Oil spill response chief calls for third party to manage future disasters
Reporting from Washington — Retired Coast Guard Adm. Thad Allen, commander of the federal response to the BP oil spill in the Gulf of Mexico, called Monday for creation of a independent third party to oversee containment and cleanup of future spills instead of leaving the job to the government.
Allen told members of President Obama’s commission investigating the spill that the public mistrusted the way BP and the government handled the disaster and that an independent expert would reduce concerns about conflicts of interest.
He said his recommendation does not reflect a lack of confidence in the ability of the Coast Guard or other federal agencies to respond to such incidents.
In testimony to the National Commission on the BP Deepwater Horizon Oil Spill, Allen said he did not think BP had shirked its responsibilities. Yet despite the large scale of the cleanup effort and BP’s pledges to make amends, the public largely believed the response system was broken.
“The reason, I believe, we may want to consider an independent, qualified individual is largely due to the perception of the American people and our political leaders that this is not working,” Allen said. “And if the perception is that strong, we just [should] try to do something about it.”
The Clean Water Act allows the federal government to clean up a spill on its own or have the responsible party, in this case BP, participate, said Joshua Force, an adjunct lecturer at Tulane University Law School and an attorney with Sher Garner Cahill Richter Klein & Hilbert.
But Force said that when the polluter plays a key role in the response, it inherently raises questions about a conflict of interest. “Are they doing it the best way or the cheapest way?” he said.
In his comments, Allen proposed an entity that “would represent the industry, oversee the response, have access to the resources, but basically would be firewalled from any fiduciary link back to the shareholders — almost putting the resources in trust and having them executed by an industry expert.”
Allen said that many Gulf Coast “principals” involved in the spill response had missed a March drill designed to inform them what the government would expect from the responsible party. As a result, BP’s role in the response created a lot of tension on the ground, Allen suggested.
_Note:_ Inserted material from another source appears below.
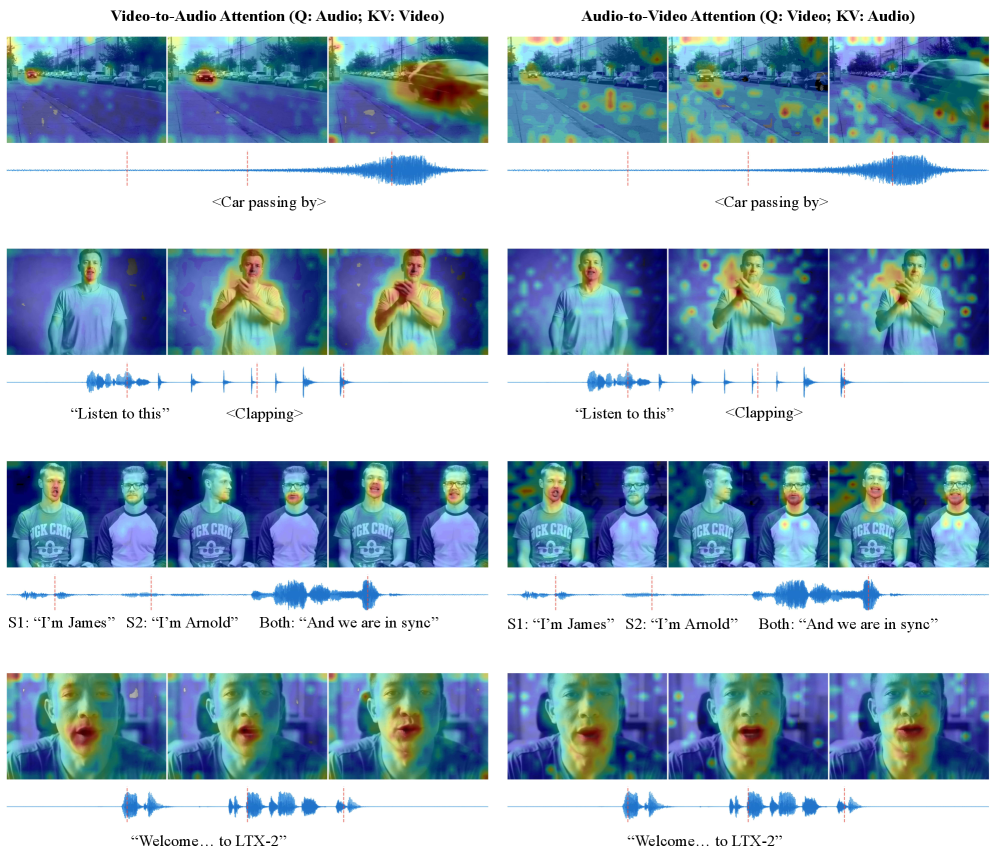 LTX-2 Fig. 3 – AV attention maps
BP’s involvement in the response, participation in command-center decisions and attendance at briefings prompted “a visceral reaction at the site,” Allen said.
Some gulf advocates asserted that their mistrust of BP is rooted in the lack of a coordinated spill response with the government and conflicting information that was released, especially in the first few weeks, when the government appeared to defer to BP.
Aaron Viles, campaign director for the Gulf Restoration Network, a New Orleans-based advocacy group, said that initially the government cited BP’s much lower estimates of oil flowing into the gulf rather than higher estimates by others.
That lack of trust has lingered and continues to affect the economic lives of people in the area, said the network’s director, Cynthia Sarthou. For instance, many people along the Gulf Coast so mistrust the authorities that they refuse to eat local seafood, fearing contamination from chemical oil dispersants, despite government assurances it is safe.
“Allen’s responding to what we see on the news here at night,” Force said, “And so, people don’t think the response is fast enough or that they are getting all the resources here they need. You have to understand that given what has happened in the last five years here, people are going to speak up fast when they don’t see the kind of reaction they need.”